▸ Your objective
Transcribe exactly the entries from the "Sunny State、Chris Reed - Solutions-ACOUSTIC" line to the end, both included, minus pictures.

[Opening Study material section]

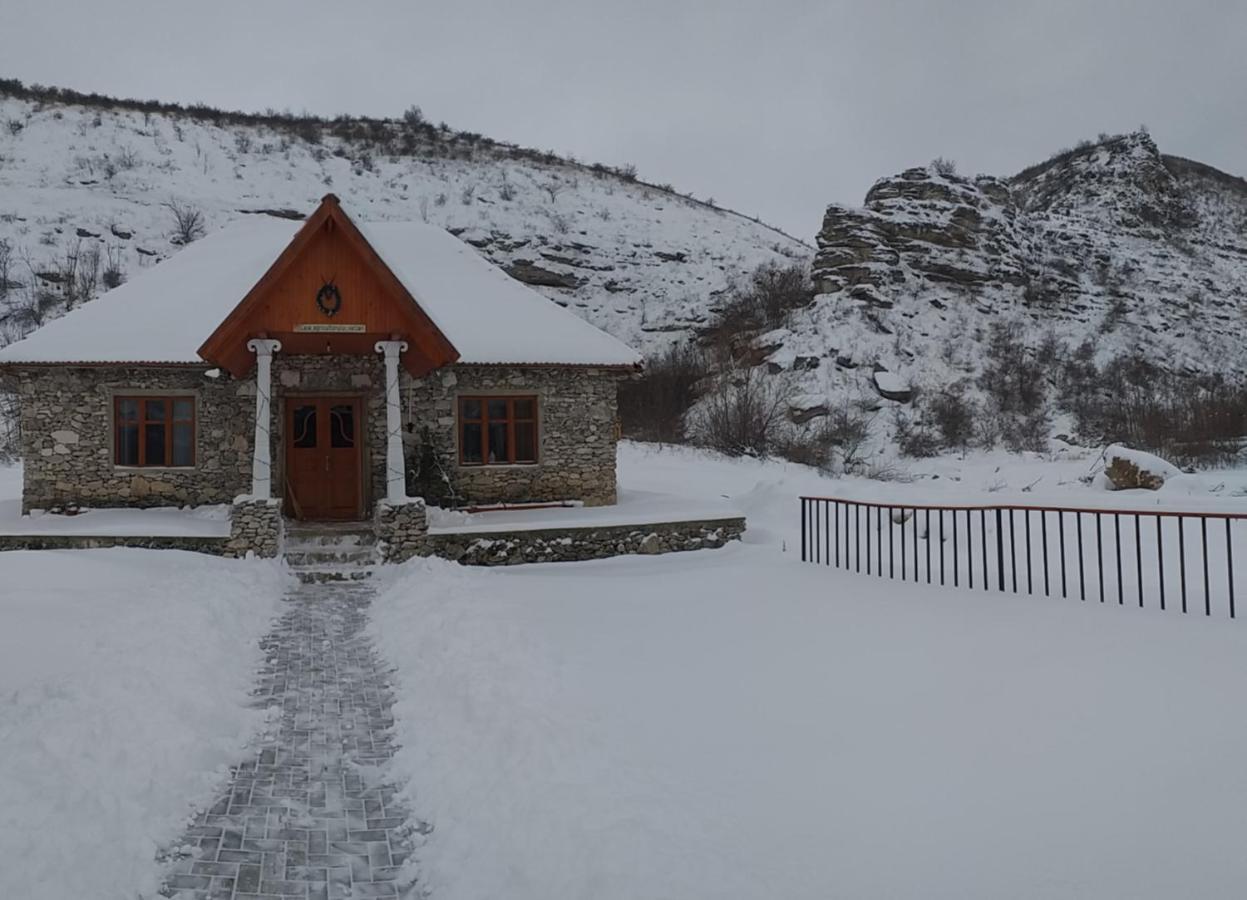 Casa Agricultorului Varzari Butuceny Exterior photo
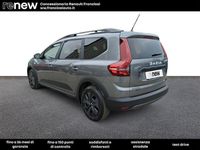 Nuova Dacia Jogger Expression 140 CV (102 kW) 2026 Grigio scuro Monovolume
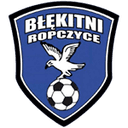 Blekitni Ropczyce logo - Wisniowa VS Blekitni Ropczyce Live Score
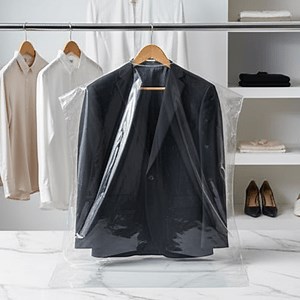 [Hot Item] Clear Soft PVC Film for Versatile Packaging and Table Covers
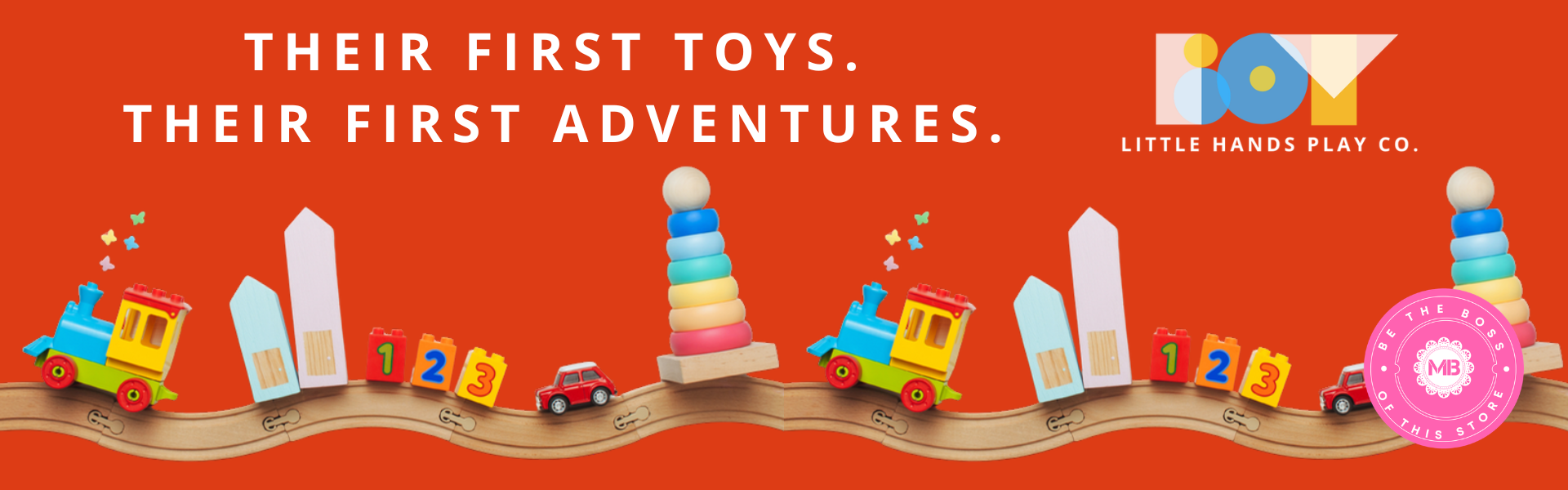 Little Hands Play Co.
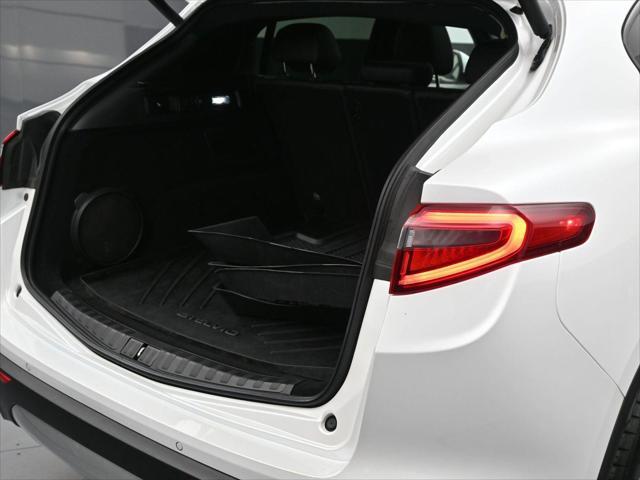 used 2019 Alfa Romeo Stelvio car, priced at $19,488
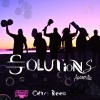 Sunny State、Chris Reed - Solutions-ACOUSTIC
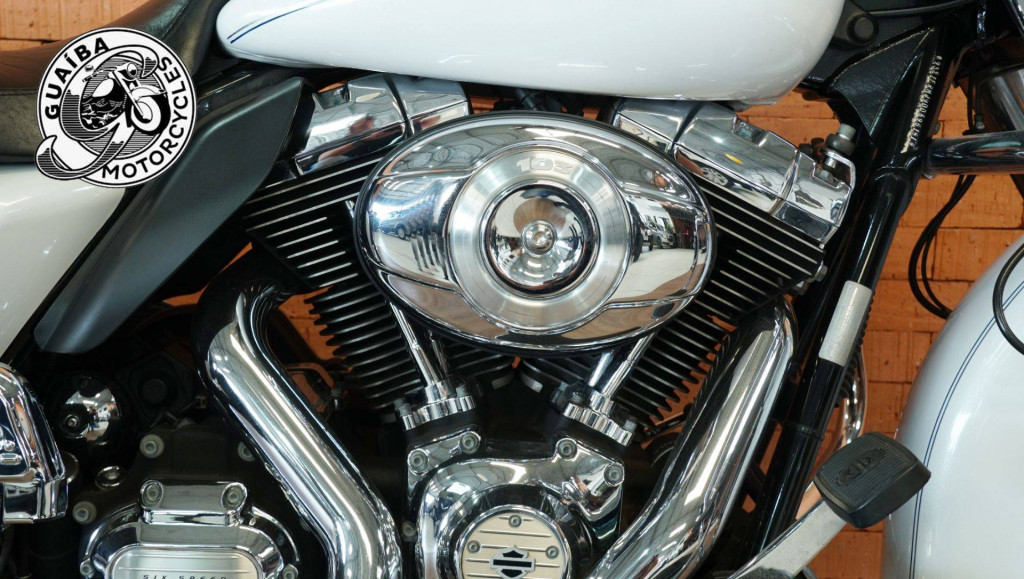 Imagem do veículo Harley-davidson Flhrc 2013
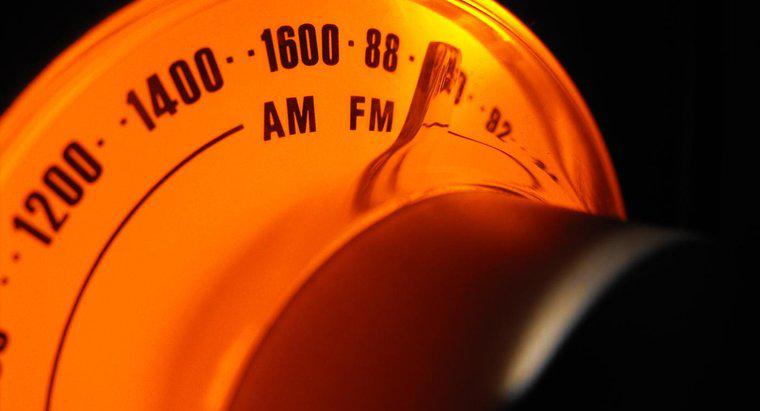 Care sunt unele dezavantaje ale undelor radio?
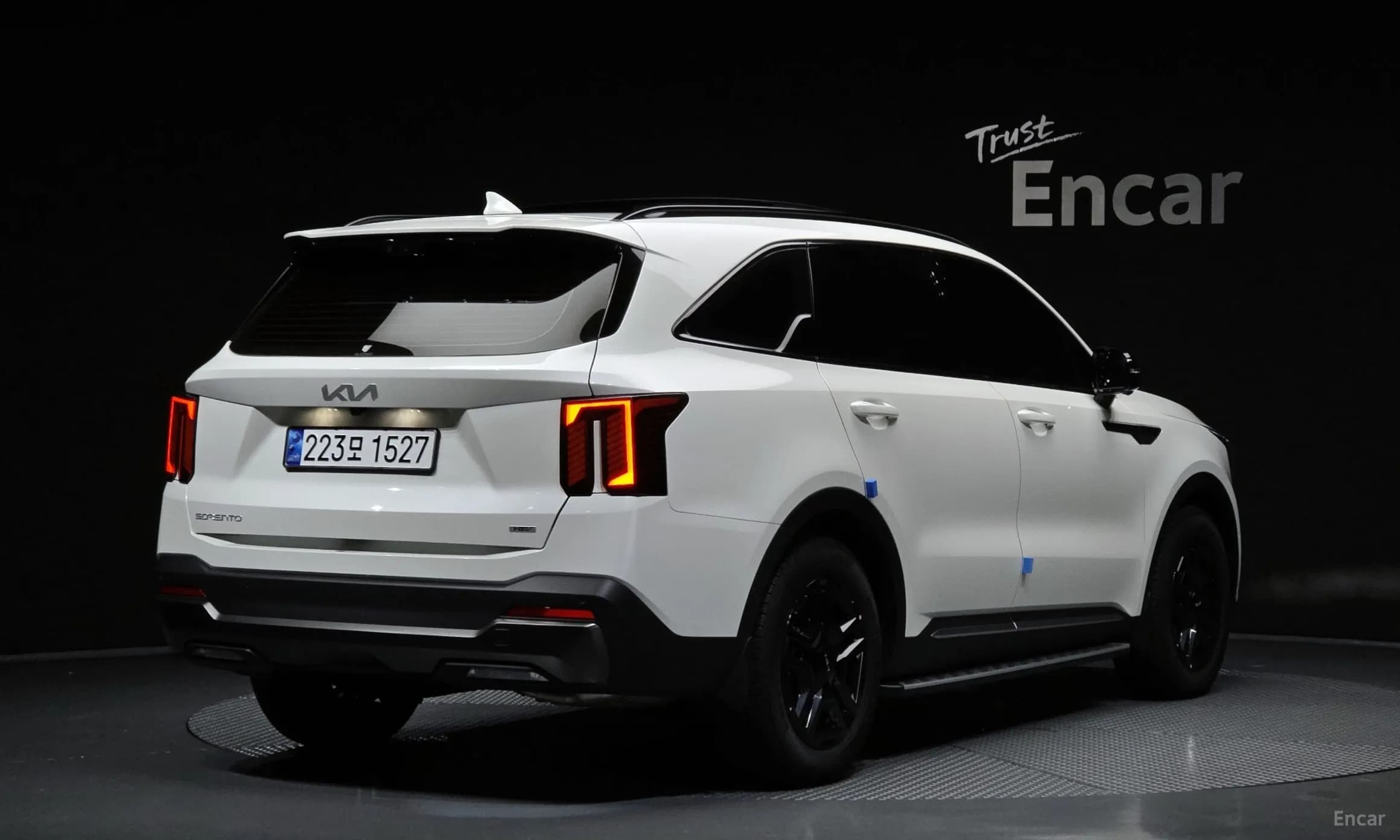 Sorento 4th Generation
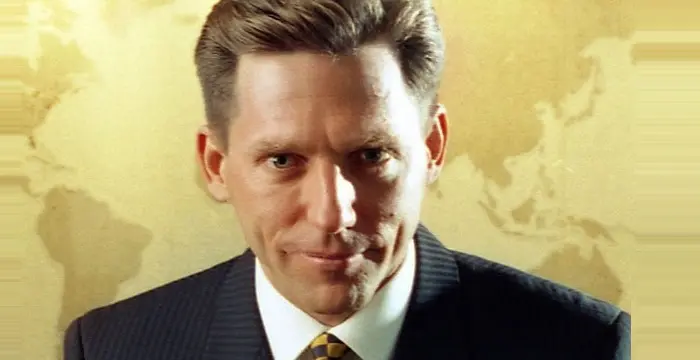 David Miscavige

[Closing Study material section]

▸ Exercise answer
 Sunny State、Chris Reed - Solutions-ACOUSTIC
 Imagem do veículo Harley-davidson Flhrc 2013
 Care sunt unele dezavantaje ale undelor radio?
 Sorento 4th Generation
 David Miscavige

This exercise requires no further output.